*TASK MATERIAL*

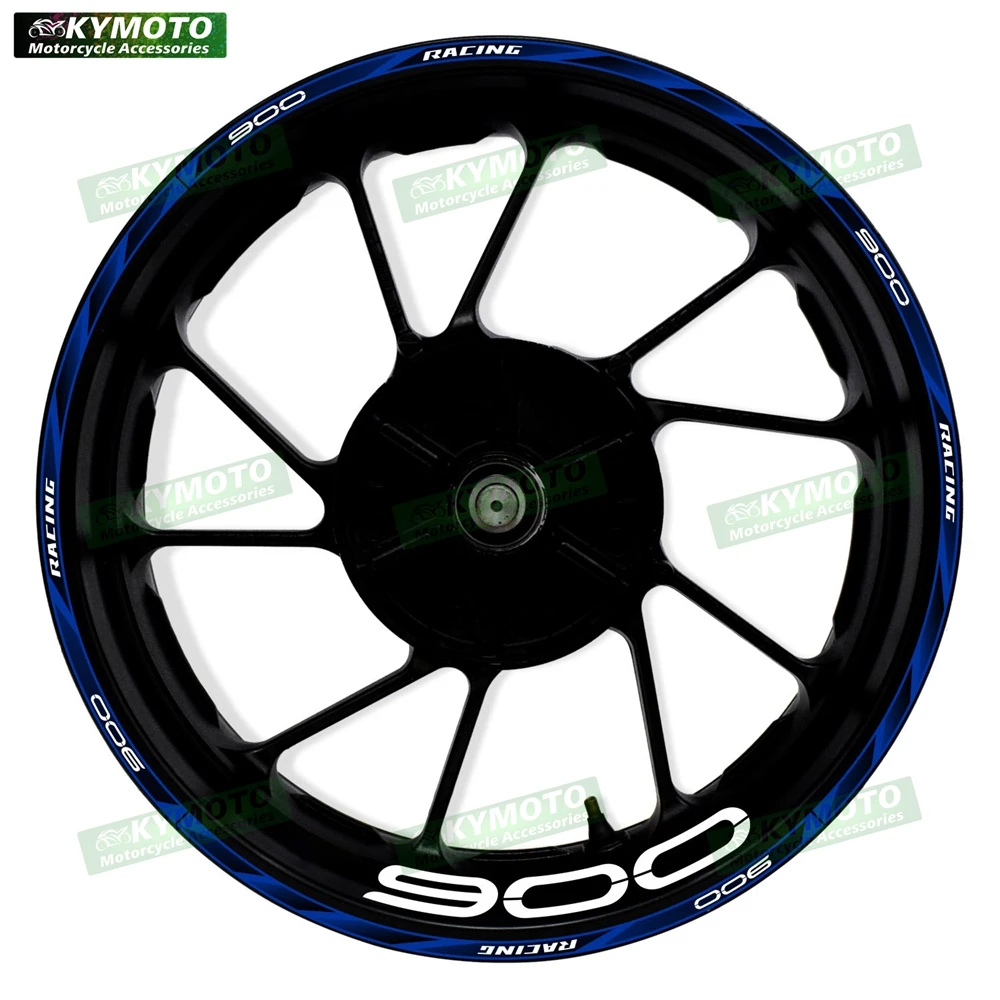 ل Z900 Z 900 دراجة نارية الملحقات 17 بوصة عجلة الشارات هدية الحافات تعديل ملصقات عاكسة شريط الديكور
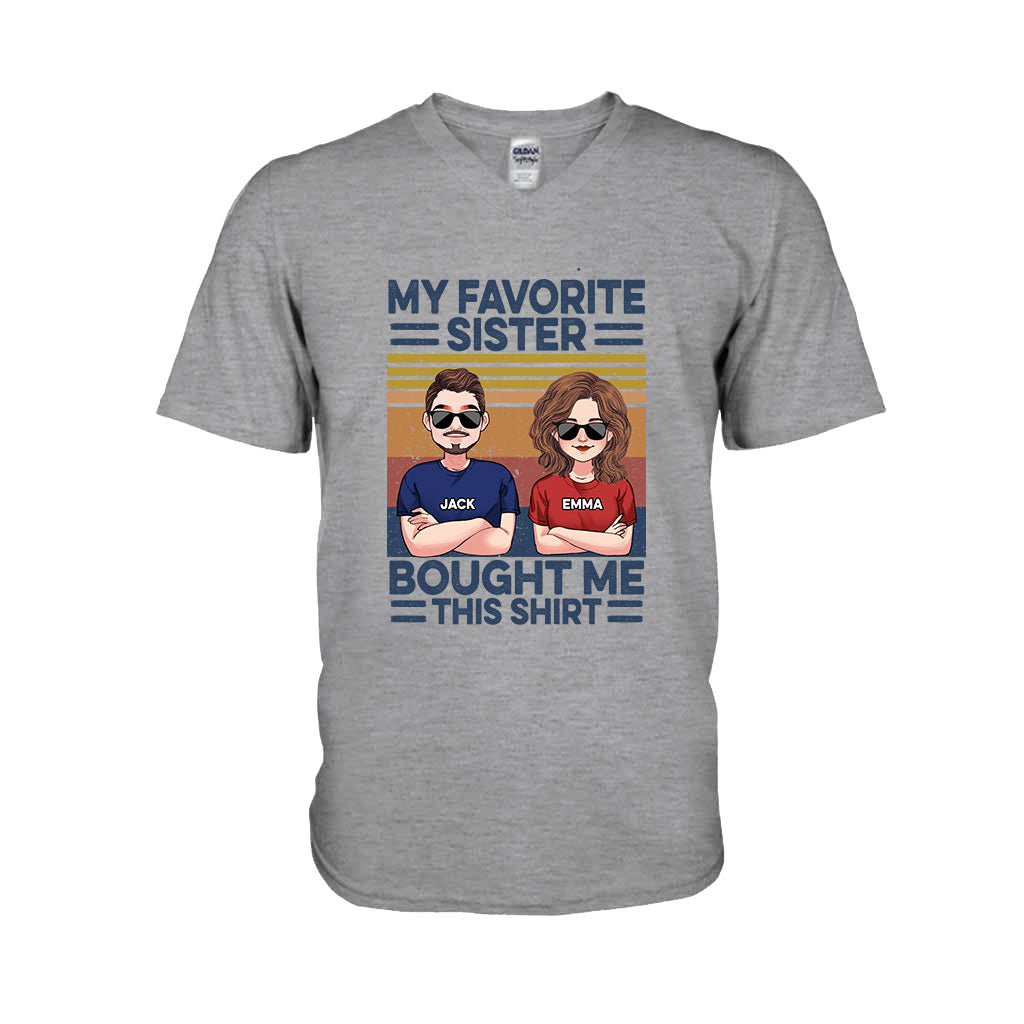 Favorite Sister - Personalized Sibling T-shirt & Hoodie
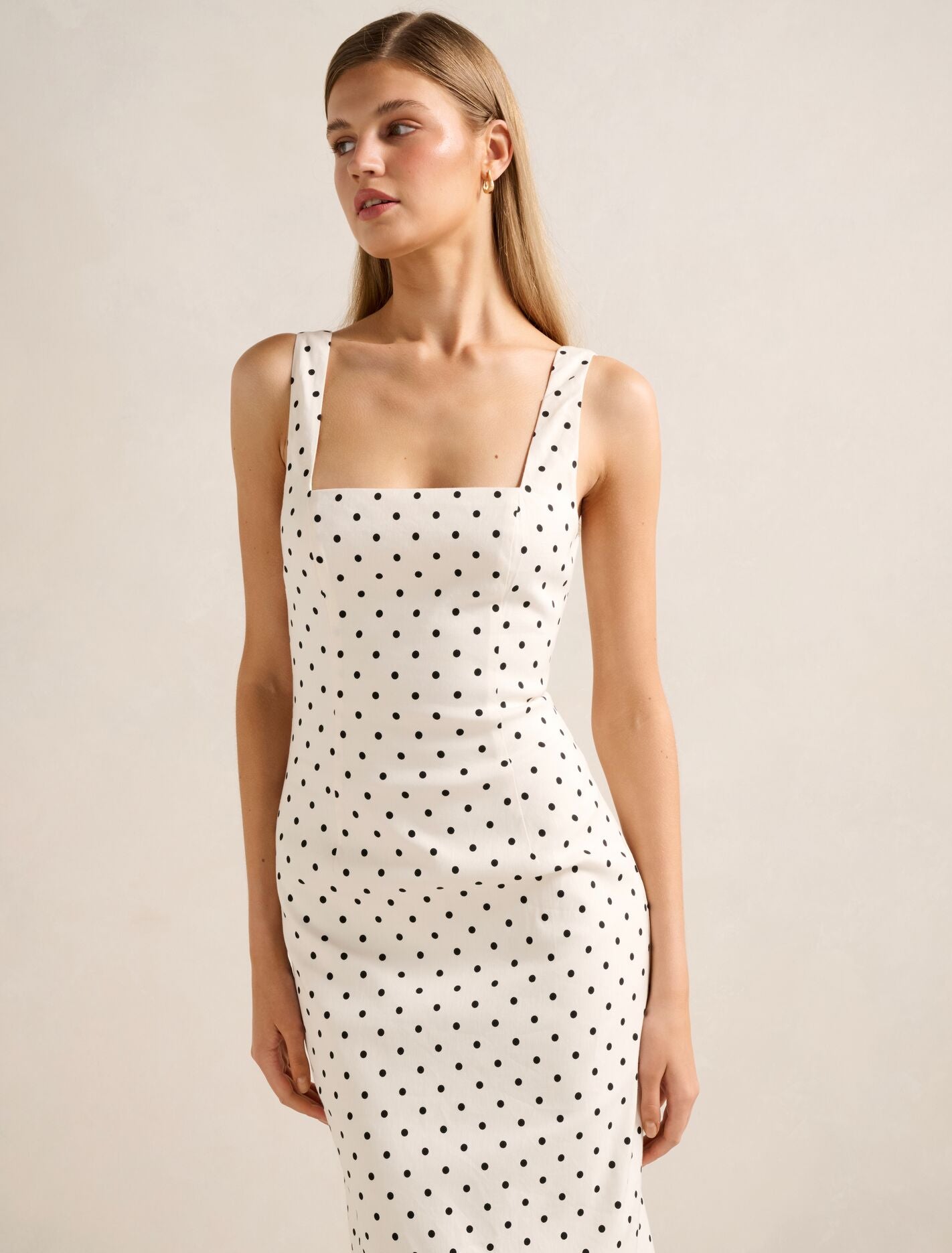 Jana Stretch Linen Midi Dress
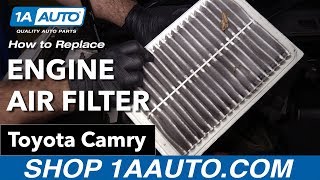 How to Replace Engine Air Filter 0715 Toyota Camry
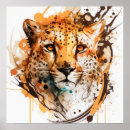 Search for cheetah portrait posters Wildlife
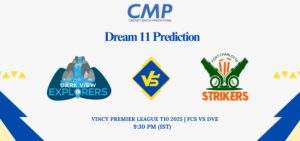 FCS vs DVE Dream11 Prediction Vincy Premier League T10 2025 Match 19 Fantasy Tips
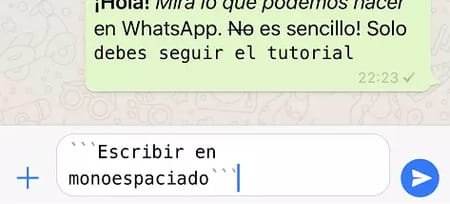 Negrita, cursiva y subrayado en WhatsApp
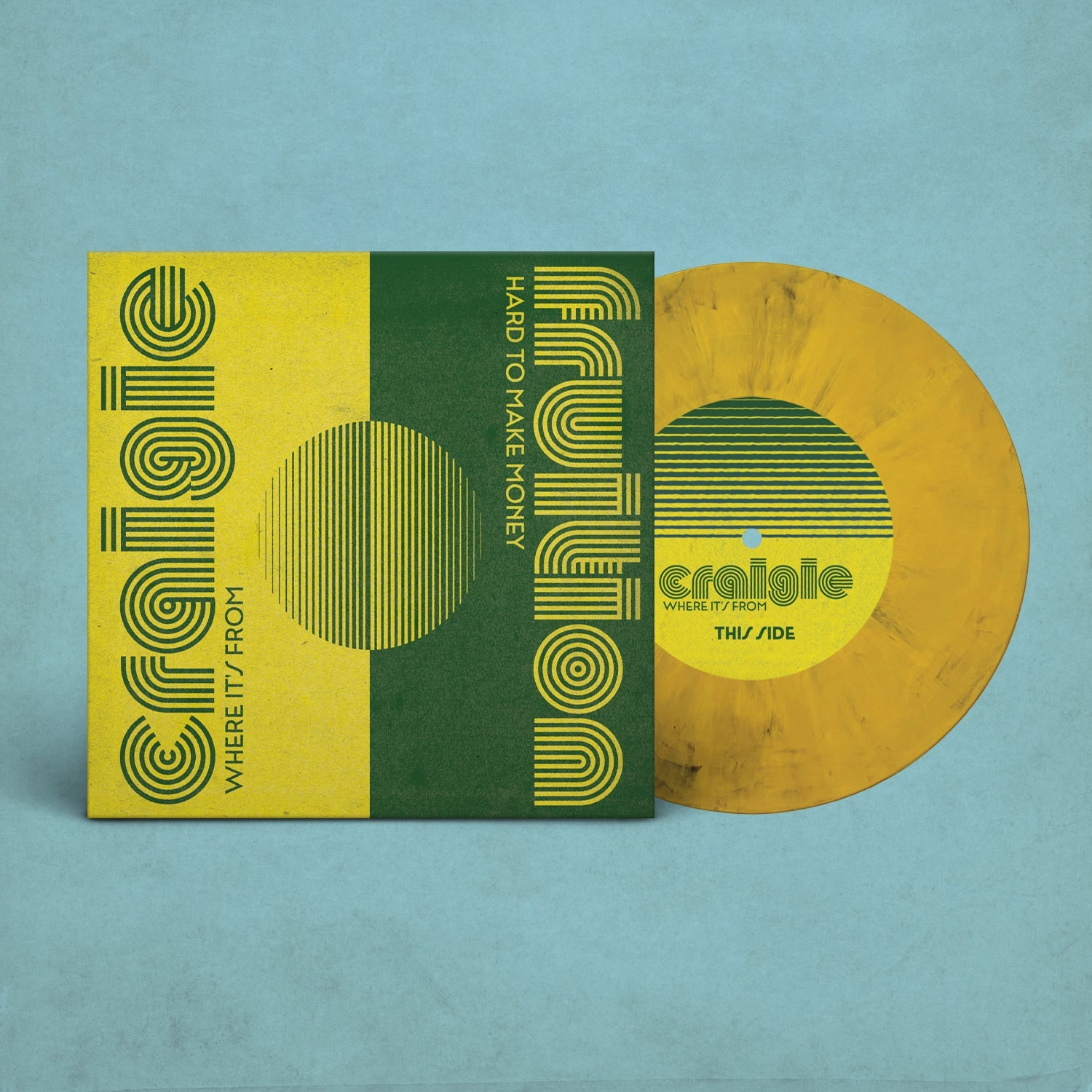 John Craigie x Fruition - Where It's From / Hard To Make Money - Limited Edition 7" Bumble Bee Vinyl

*WHAT YOU NEED TO DO*
Pictures excluded, reproduce only the part above that opens with the line holding "Jana Stretch Linen Midi Dress" and closes with the line holding "Negrita, cursiva y subrayado en WhatsApp", exactly as written.

*EXPECTED ANSWER*
 Jana Stretch Linen Midi Dress
 How to Replace Engine Air Filter 0715 Toyota Camry
 Search for cheetah portrait posters Wildlife
 FCS vs DVE Dream11 Prediction Vincy Premier League T10 2025 Match 19 Fantasy Tips
 Negrita, cursiva y subrayado en WhatsApp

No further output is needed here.